The article asserts that proposed Amendmkents must be signed by the President. The Constitution requires no such thing, A few early Presidents did sign such documents. But there is now a Supreme Court decision squarely holding that Presidents have no constitutional role in the amendment process. (Neither do the State Governors. This process is purely legislative.)
In short, the writer of this piece has demonstrated to me that he is dumb as a hoe handle on the Constitution as written and the history of its application and use, I urge anyone who reading this thread to stop at this point and go do something more worthwhile with his/her time, such as sorting one's socks or cleaning out the cat's litter box.
That may not be the "opinion" you were looking for, my friend, but you asked for my opinion as a scholar and practitioner of constitutional law. This is it. As the saying goes, if you don't like my peaches, don't shake my tree.
Congressman Billybob
And if someone murdered your family, your position is that you should just get over it?
In response to the second part of your statement above, it was my sins, and yours, and that of all sinners that killed our Lord.
Just to clear things up, did their representatives and senators in Congress also have the opportunity to cast their votes on whether or not to propose the amendments in the first place?
Supreme court decision or no, Article 1, Section 7 seems pretty clear on the point. It's not surprising that the courts would rule after the fact that the president doesn't have to sign such proposals. If they had ruled the other way, that would have invalidated the first ten amendments. I know people seem to have this image of judges as being completely detached and sublime in their thoughts, so it might come as a shock to discover that they really are human with human frailties, and as such I'm sure they wouldn't have felt too comfortable at the thought of ruling that the BOR doesn't actually exist. So they would have done anything, twisted themselves in any direction, to avoid having to rule that way. But that doesn't make it right.
Walt
Since the so-called seceded states claimed the U.S. Constitution no longer applied to them, they deprived themselves of equal suffrage.
If I wanted to take the time, could I find a quote from you saying that the Militia Act, for instance, no longer applied to the so-called seceded states?
Walt
But that was not Lincoln's view, now was it? He maintained that the states never left the Union.
That the South lost does not change the irregularities in the 14th Amendment, which would never have been proposed had Lincoln lived to rein in the fanaticism of the Reconstructionists.
The late David Lawrence, who was the publisher of U.S. News for many years, considered the "14th Amendment" to be the greatest Constitutional wrong in American History. Your breezy response to this thread, neither answers the Perez argument, nor Lawrence's argrument, which was shared by many legal scholars in the era since. Some of this is referred to in an article on Conservative Pot-Pourri.
The statement that we are all created equal, that you offer, is of course a quotation from Jefferson, used in the Declaration of Independence to deny the divine right of Kings. It is hardly an endorsement for the corruption of legal procedures.

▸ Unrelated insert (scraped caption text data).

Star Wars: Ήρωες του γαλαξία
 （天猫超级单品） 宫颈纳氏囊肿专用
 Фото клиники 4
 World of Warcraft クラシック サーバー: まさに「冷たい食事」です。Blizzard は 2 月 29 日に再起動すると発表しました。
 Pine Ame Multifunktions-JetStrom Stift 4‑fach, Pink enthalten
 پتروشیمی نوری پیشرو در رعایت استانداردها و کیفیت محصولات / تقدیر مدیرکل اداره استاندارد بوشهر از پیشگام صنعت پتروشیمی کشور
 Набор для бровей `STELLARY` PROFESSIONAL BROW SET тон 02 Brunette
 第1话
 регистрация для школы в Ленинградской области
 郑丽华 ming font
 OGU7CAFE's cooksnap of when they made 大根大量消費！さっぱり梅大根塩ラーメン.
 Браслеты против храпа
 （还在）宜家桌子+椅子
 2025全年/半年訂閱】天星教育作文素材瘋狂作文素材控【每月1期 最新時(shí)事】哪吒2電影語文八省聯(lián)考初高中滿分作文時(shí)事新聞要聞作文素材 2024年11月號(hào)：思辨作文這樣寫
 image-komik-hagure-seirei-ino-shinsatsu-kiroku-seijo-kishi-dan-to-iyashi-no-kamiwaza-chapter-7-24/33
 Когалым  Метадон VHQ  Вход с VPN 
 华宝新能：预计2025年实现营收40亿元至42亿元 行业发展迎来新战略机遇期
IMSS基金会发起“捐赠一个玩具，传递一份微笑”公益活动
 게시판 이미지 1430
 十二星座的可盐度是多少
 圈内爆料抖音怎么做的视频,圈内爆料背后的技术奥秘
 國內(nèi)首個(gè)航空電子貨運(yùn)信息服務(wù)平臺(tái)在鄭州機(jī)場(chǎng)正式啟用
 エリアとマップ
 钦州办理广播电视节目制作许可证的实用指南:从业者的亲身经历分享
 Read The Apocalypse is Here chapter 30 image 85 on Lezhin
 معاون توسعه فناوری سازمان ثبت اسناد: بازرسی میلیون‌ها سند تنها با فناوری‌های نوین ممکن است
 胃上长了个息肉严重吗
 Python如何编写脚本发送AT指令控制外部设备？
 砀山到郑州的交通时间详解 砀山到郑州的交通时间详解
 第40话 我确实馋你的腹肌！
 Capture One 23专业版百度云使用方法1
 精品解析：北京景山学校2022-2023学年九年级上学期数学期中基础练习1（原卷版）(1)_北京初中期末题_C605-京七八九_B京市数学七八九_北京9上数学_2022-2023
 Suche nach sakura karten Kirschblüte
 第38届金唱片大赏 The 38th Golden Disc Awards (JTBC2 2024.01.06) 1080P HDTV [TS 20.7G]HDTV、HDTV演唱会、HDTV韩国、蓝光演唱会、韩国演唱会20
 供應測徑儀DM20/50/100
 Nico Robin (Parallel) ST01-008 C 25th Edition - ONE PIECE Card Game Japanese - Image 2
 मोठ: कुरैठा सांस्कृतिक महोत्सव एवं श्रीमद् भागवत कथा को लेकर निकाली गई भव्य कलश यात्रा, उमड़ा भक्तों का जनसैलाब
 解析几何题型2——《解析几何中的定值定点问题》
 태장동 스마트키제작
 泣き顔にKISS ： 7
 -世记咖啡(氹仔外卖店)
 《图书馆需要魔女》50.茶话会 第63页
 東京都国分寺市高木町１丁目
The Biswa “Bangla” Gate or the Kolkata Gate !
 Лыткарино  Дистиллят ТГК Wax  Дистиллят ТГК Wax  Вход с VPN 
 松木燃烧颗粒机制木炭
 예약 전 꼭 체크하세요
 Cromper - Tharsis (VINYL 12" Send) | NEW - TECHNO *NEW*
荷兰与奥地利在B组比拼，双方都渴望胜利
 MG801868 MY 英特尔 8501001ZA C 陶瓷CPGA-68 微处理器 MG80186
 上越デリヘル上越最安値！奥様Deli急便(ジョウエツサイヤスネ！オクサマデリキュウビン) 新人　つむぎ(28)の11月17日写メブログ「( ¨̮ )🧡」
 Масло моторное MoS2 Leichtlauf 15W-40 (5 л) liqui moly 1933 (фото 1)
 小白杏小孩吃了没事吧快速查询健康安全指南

It is very important that only the highest standards be applied to matters that effect the integrity of our written Constitution. Otherwise, it is easily reduced to the nullity that the Left has been seeking for a long time. A full and frank debate on the 14th Amendment--the basic cover for all of the excesses of the activist Supreme Court in the 20th Century, including many regularly denounced at this venue--is long overdue. [It is the l4th Amendment that made possible the legalization of Abortion and the illegalization of school prayer. It is the 14th Amendment that enabled the Federal Courts to take over Legislative aportionment and order school bussing. It is the 14th Amendment that has shifted the balance against Law enforcement; that compounds the problem with illegal immigration, by giving the children, born here to illegal immigrants, automatic citizenship, etc., etc.. Its effect has been an ongoing disaster.]